**What the task requires**
Your answer must be an exact copy of the records, minus any pictures.

**Given information**
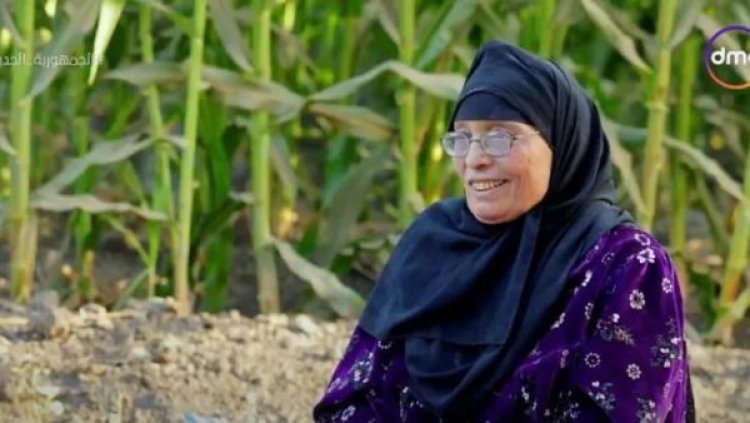 الحاجة نبيلة صاحبة "البامية شوكتني" بعد غناء تتر مسلسل «ولد وبنت وشايب»: لسه بلم السريس والجعضيض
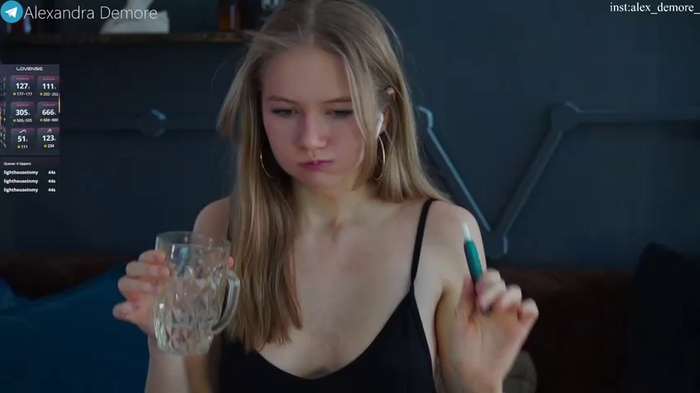 Alexandra_Demore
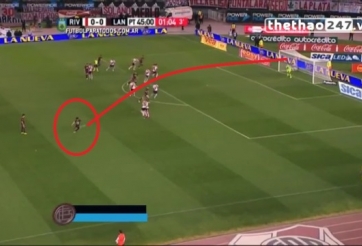 VIDEO: Siêu phẩm sút phạt từ cự ly 30m như David Beckham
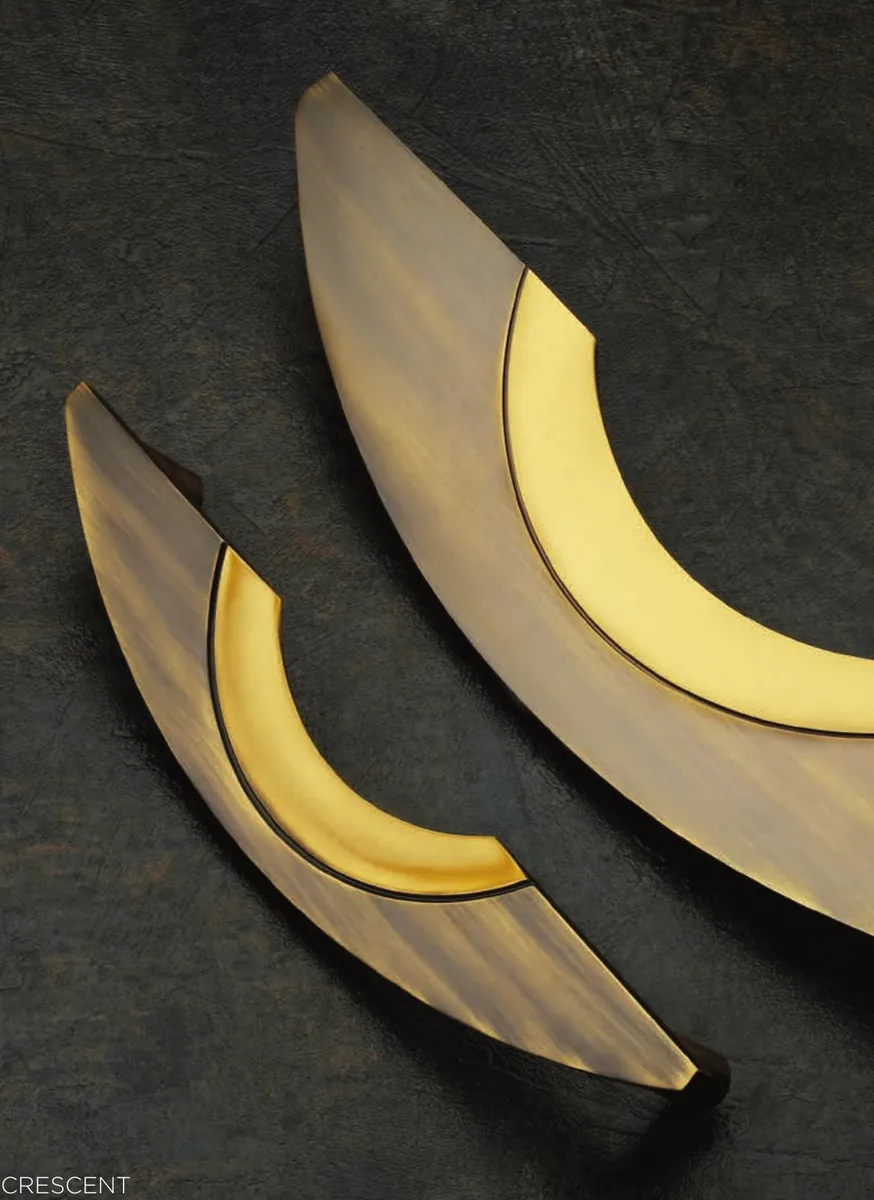 Crescent main door handle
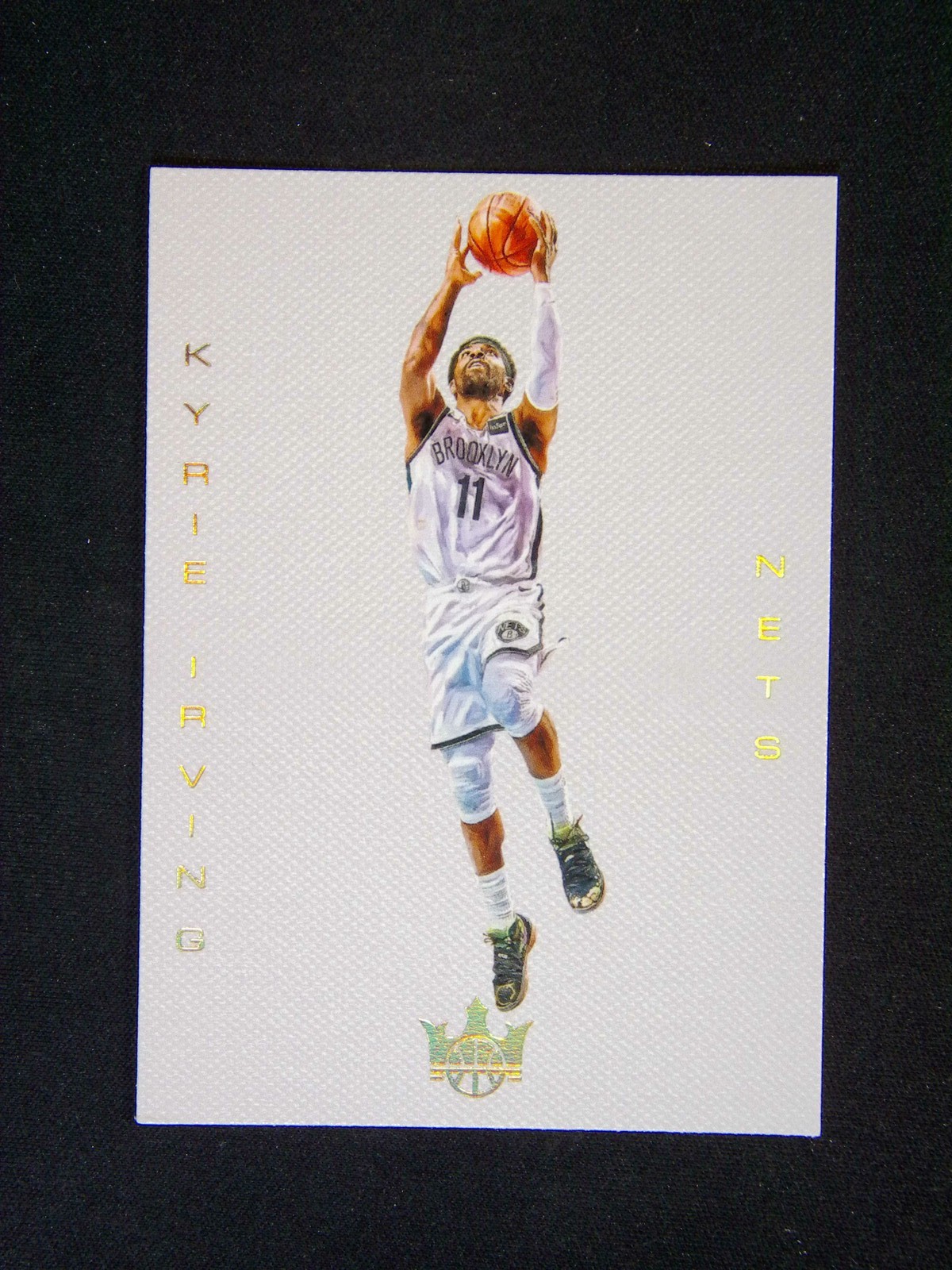 2019-20 Panini Court Kings Kyrie Irving #25 Blank Slate Case Hit SSP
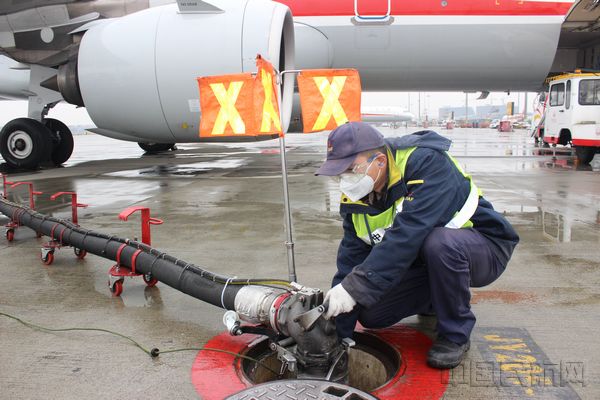 抗击疫情·中国航油西南公司在行动3.jpg 抗击疫情·中国航油西南公司在行动3.jpg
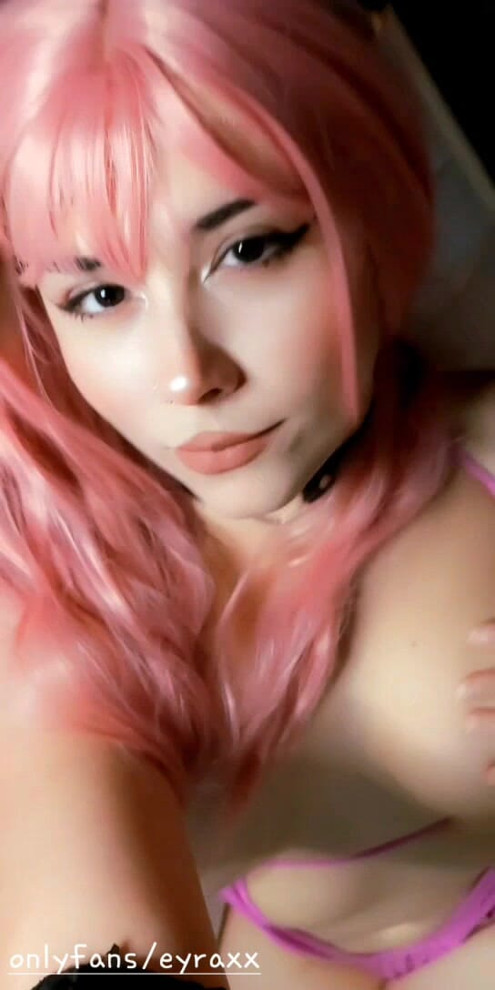 粉红色头发的淫荡青少年独自玩耍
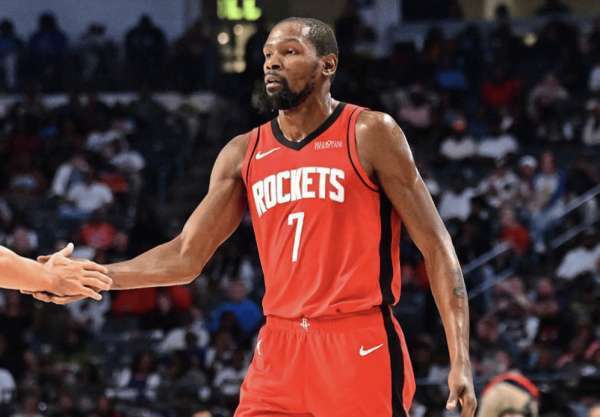 总冠军戒指, 终于在赛季, 补齐了球队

**Task response**
 الحاجة نبيلة صاحبة "البامية شوكتني" بعد غناء تتر مسلسل «ولد وبنت وشايب»: لسه بلم السريس والجعضيض
 Alexandra_Demore
 VIDEO: Siêu phẩm sút phạt từ cự ly 30m như David Beckham
 Crescent main door handle
 2019-20 Panini Court Kings Kyrie Irving #25 Blank Slate Case Hit SSP
 抗击疫情·中国航油西南公司在行动3.jpg 抗击疫情·中国航油西南公司在行动3.jpg
 粉红色头发的淫荡青少年独自玩耍
 总冠军戒指, 终于在赛季, 补齐了球队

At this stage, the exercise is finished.